A perfect balance of every ingredient, right temperature, and cooking time or in running terms, maybe the total distance of the last 5 long runs, a block of tough midweek and speed sessions. This race though, not really. It was unexpected. Training had been really patchy.
From October 2014 to May good , consistent training, good number of races and marathons,
running the day after often to toughen up legs, even a half decent
London attempt at that marathon PB before my main target Comrades ultra.
Coming back from that in June, I gave myself 2-3 weeks off, very light
exercise but mentally felt a bit worn out. July onwards to August
hayfever really affected my breathing, my speed and even sleep. Still
doing a hill and a speed session every week, managed a couple of 5ks
just over 20 minutes, and a regular weekend long run of 9-12 miles. Not
high mileage. September started to run better, but soon on antibiotics
after tonsillitis and drained energy wise again. That takes you to mid Sept, one month before the marathon.
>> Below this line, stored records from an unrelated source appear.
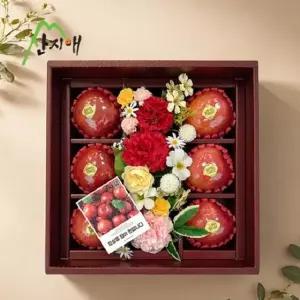 산지애 사과 꽃 선물세트 6과(특대과) / 가정의 달 특집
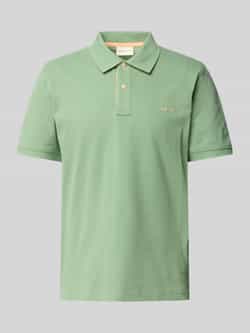 Gant Regular fit poloshirt met labelstitching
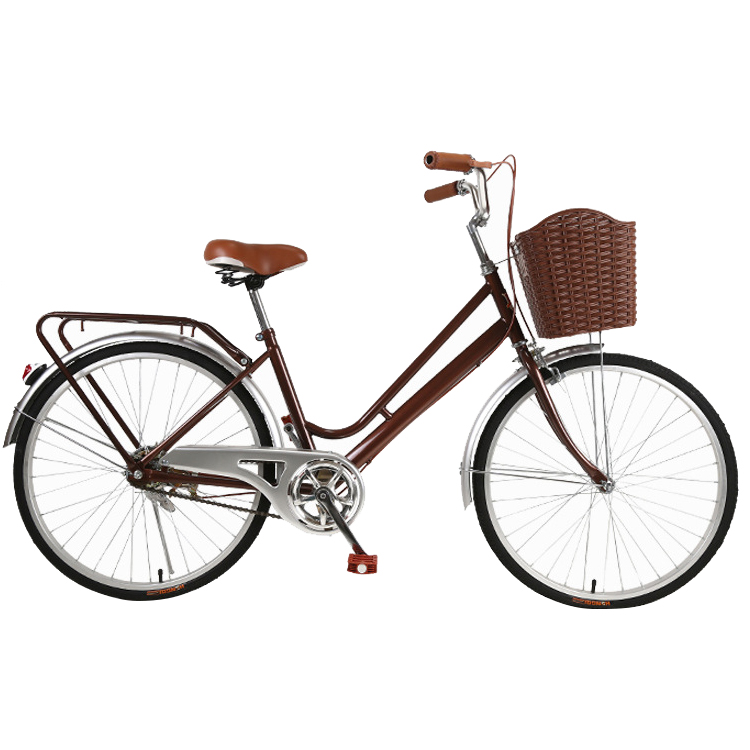 ladies bike with basket cheap old style city bike wholesale fashional 20 24 inches women city bicycle Utility Bicycle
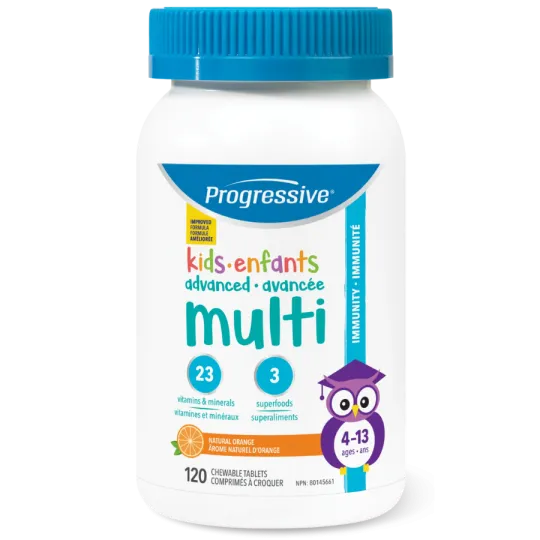 Progressive Nutritionals Multi Kids Orange 120 Comprimés à Croquer | Prix imbattables, Offres quotidiennes | VITASHOP
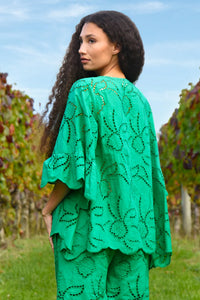 CURATE by Trelise Cooper - Border Control Top - GREEN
Jump to race day, mid October, felt good, relaxed. Nice cool conditions, but planning to run this
marathon as training for another one in 4 weeks time. Plans A, B and C
time wise... Hold on for around 3:12-17 (unlikely), a middle 3:18-22 or a
3:22-25 fading second half of race if not 100% fit. That would be an
easy time for me taking it steady.
Ridiculously easy setup at
the start. There an hour plus early, choice of lockers and able to warm
up on the track for 20 minutes. Even enough time to take off an old
t-shirt that I was going to chuck and put it back in locker, so very
relaxed and stress free. 600-700 people running, narrow start but up to
pace very quickly. Plan was to see where I was at around 8-10 miles then
adjust, just run on feel. I felt great, all miles 5-10 seconds under
target, really just had to keep moving and not worry about pace. Easy
miles, a few glances at some sections knowing course was two loops of 10
miles and would be passing through again. Half way 13 miles, 2+ minutes
under 3:15 target time, still felt fine. No pain, breathing relaxed,
but expecting this not to continue.
Hold onto this pace till 16 miles, all good. 18 grind a bit, went
as far as 22 before I had to grit my teeth more, but still all miles on
target. Mile 24-26 onwards breathing hard, had to walk a few times, one
guy tapped me on shoulder to carry on and push... Legs not jammed up or
in any pain, Just needed to get heart rate down.. Effect of Caffeine gel
maybe? Beat myself up for not running.. (Quitter... Come on!) but had
to run / walk the next two miles. Felt rubbish, this must be costing me 5
minutes and sooo close.
Sign for 800m to go, then
track in sight and looked at watch, 3h13m and approaching 400m to go.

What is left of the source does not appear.